A Prima pagina, su Radio3, ho ascoltato una telefonata esemplare. Parlando dei disastri del maltempo un ascoltatore ha citato suo cognato francese, i disastri (e le vittime) d’oltralpe, il silenzio dei giornali italiani. Perché tacciono?, si è chiesto. Ho una risposta che forse aiuta a capire quei dati sulla nostra inconsapevolezza.

Noi parliamo del maltempo essenzialmente per nutrire la polemica politica, per parlare di (o contro) Renzi, Burlando, Marino o (in passato) Alemanno (che è lo stesso). Un semplice cambio di location per la stessa narrazione con gli stessi protagonisti e una trama sempre uguale. Una fiction assai modesta, si direbbe. Ma quello sembra essere lo scopo di decine di pagine e di corrispondenze.

Perché in Italia la politica nazionale è il vertice dell’informazione e comunque la cosa più interessante di cui parlare. L’errore mi sembra madornale: ci sono cose molto più interessanti non solo perché lo penso io ma perché evidentemente lo pensa il numero crescente dei non lettori. Ma a parte la spiegazione chiara della crisi dei giornali, c’è qualcosa di più profondo.

Se parlassero delle alluvioni in Francia, i giornali dovrebbero smettere di parlare di Burlando e passare ad affrontare problemi più ampi e decisivi: scientifici, tecnici, economici, geologici e geopolitici, per esempio. Dovrebbero aiutarci a capire cos’è questa emergenza climatica, come nasce, cosa dobbiamo davvero temere (e magari cosa possiamo fare). E quindi abbandonare un terreno facile (Renzi contro Burlando) per uno più complesso che però ha il piccolo particolare di essere quello che davvero conta ed è invece in genere lasciato da parte o in fondo.
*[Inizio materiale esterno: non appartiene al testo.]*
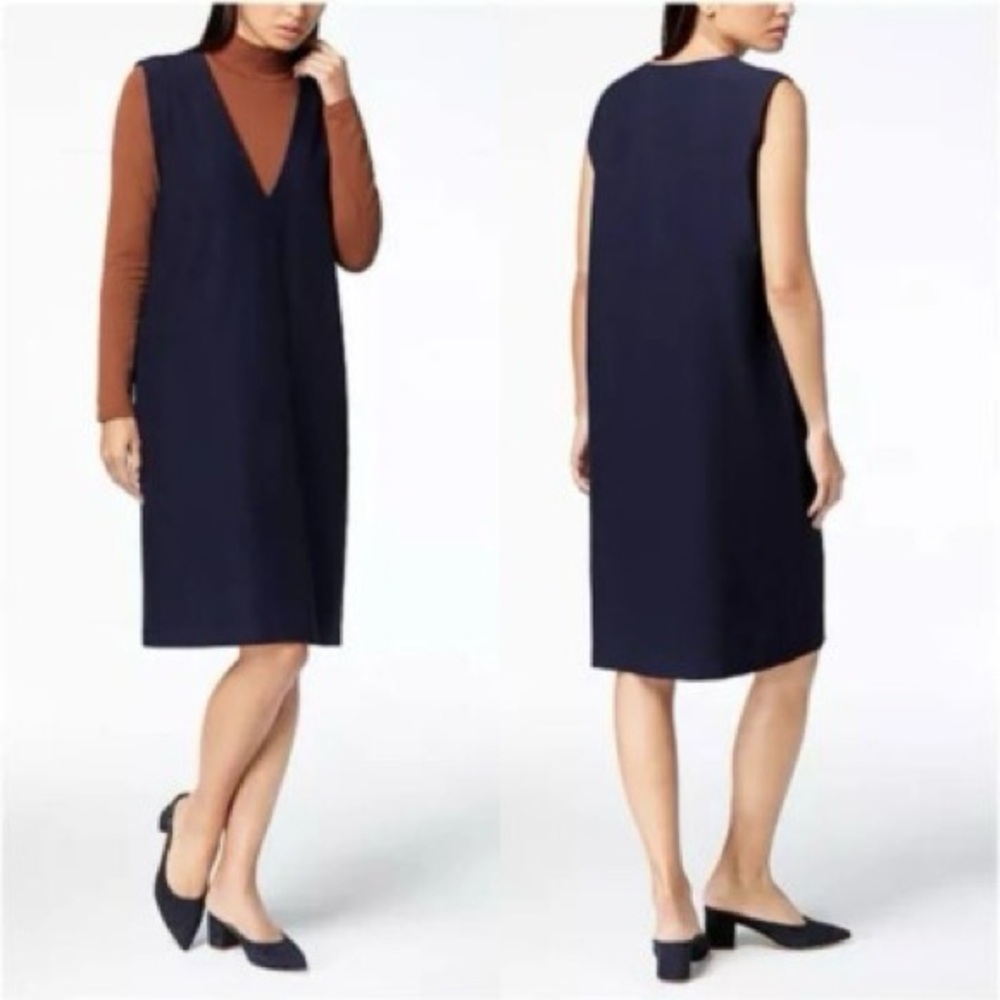 Eileen Fisher midi blue dress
È questa rimozione ed emarginazione determinata dall’ossessione per la politica la causa principale della nostra disinformazione e, al di là delle pur importanti spiegazioni storico-antropologiche, quello che fa di noi il paese più inconsapevole del mondo, con quelle bizzarre percezioni della realtà (oltre ad avere qualche influenza sulle drammatizzazioni delle nostre Tor Sapienza. Ma ne parleremo un’altra volta).

La politica nazionale spiega poche cose e sempre meno, ma lo spazio che occupa è smisurato; è impotente ma imponente. Una tigre di carta che però la carta, e quello che c’è scritto sopra, se la sta mangiando tutta.

Marino Sinibaldi è il direttore di Radio3.